Da “L’insostenibile
ambiguità delle parole che usa la politica” di Gustavo Zagrebelsky, sul
quotidiano la Repubblica del 24 di settembre 2016: (…). …viviamo in un mondo nel
quale non è nemmeno possibile stabilire con precisione quanti sono gli esseri
umani che non conoscono questo elementare diritto che possiamo chiamare “diritto
al segno” o, leopardianamente, “diritto all’ orma”. Si misurano a milioni, cioè
a numeri approssimativi, senza che – ovviamente – a questi numeri possano
associarsi nomi. Milioni di anonimi, che giungono a noi come fantasmi, mentre
le loro sono esistenze concrete, anche se durano spesso lo spazio d’ un mattino
o di pochi mattini, consumandosi in fretta in condizioni disudigmane, in luoghi
dove la lotta per la mera sopravvivenza materiale sopravanza qualunque
possibilità di relazioni, dove i neonati vengono al mondo sotto la maledizione
di leggi statistiche che li condannano alla sparizione entro pochi giorni o
settimane di vita. Ciò che ci interpella inderogabilmente è che non possiamo
dire, come forse si sarebbe potuto un tempo, nel mondo diviso per aree, storie,
politiche separate e indipendenti le une dalle altre: sono fatti loro, loro è
la responsabilità, il nostro mondo non è il loro, ognuno pensi per sé alle
proprie tragedie. Non possiamo dirlo, perché il mondo, come ci ripetiamo tutti
i momenti, è diventato uno solo, grande, globale. Noi, in un tale mondo, osiamo
parlare kantianamente, senza arrossire, di “dignità” come universale diritto al
rispetto. Il “diritto all’ orma” detto sopra è legato a tutti gli altri diritti
come loro premessa e condizione: è davvero quello che è stato definito da
Hannah Arendt, con una formula che ha avuto successo (Rodotà), il “diritto di
avere diritti”. C’è un diritto che potremmo dire essere un altro modo d’

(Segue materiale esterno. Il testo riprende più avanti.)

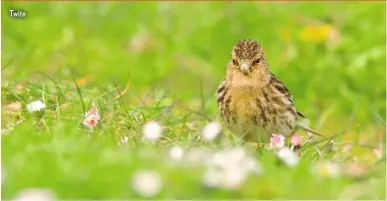  ??  ?? Twite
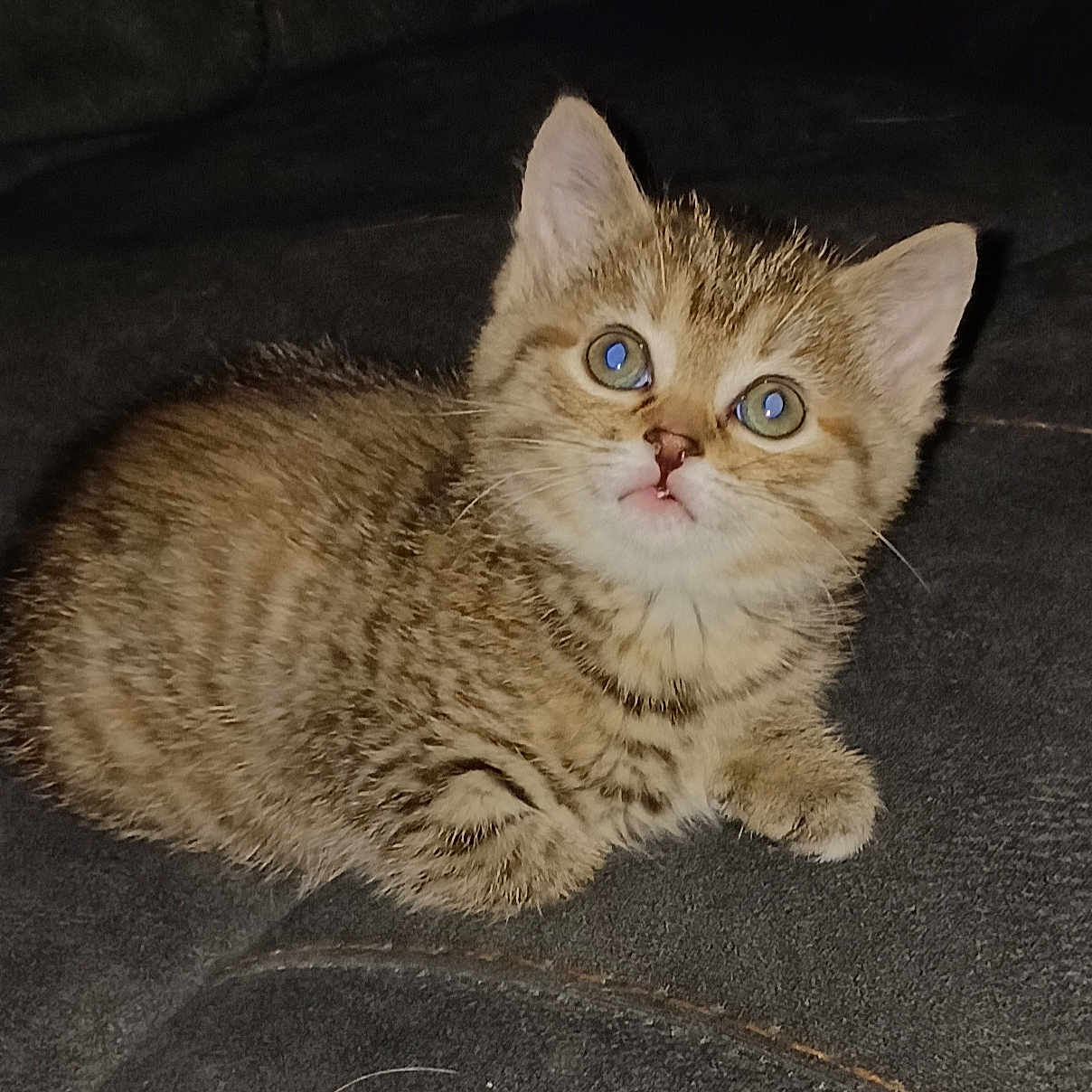Tabatha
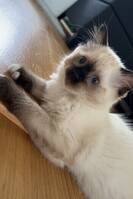 Ragdoll Gucci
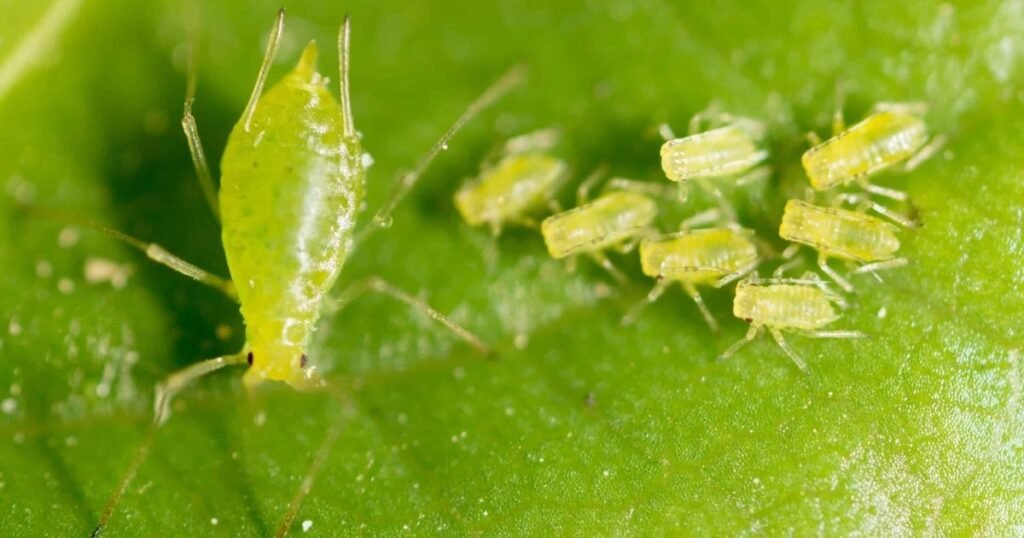 aphids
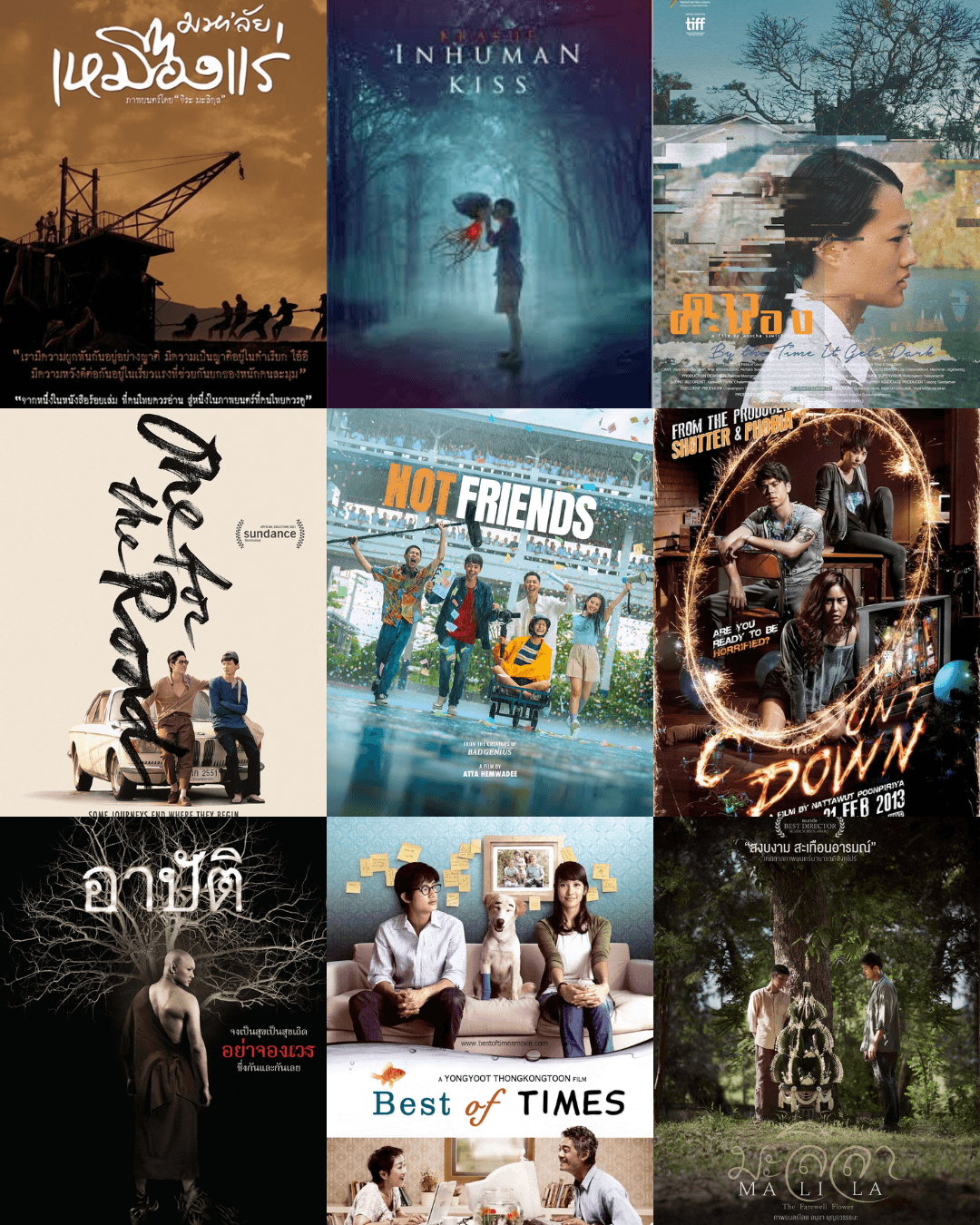 ภาพยนตร์ไทยส่วนหนึ่งที่เป็นตัวแทนในการคัดเลือก สาขาภาพยนตร์ต่างประเทศยอดเยี่ยม บนเวทีออสการ์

indicare il diritto di avere diritti, ed è il diritto al nome: un diritto al
quale i trattati di diritto costituzionale, se non l’ ignorano, dedicano poche
righe. La nostra Costituzione, all’ art. 22, tra i diritti umani fondamentali
stabilisce che nessuno può essere privato del suo nome perché i Costituenti sapevano
il valore di quel che dicevano. “Nominando” si specifica, si riconosce, si
creano le premesse per creare un rapporto. Questo non accade, oggi, alle
centinaia di migliaia e, in prospettiva, dei milioni di migranti che sono, per
noi, milioni non solo di senza nome, ma anche di senza terra.
«Quel che è senza
precedenti – scriveva Arendt con riguardo alla tragedia del suo popolo negli
anni ’30 e ’40 del Novecento – non è la perdita della patria, ma l’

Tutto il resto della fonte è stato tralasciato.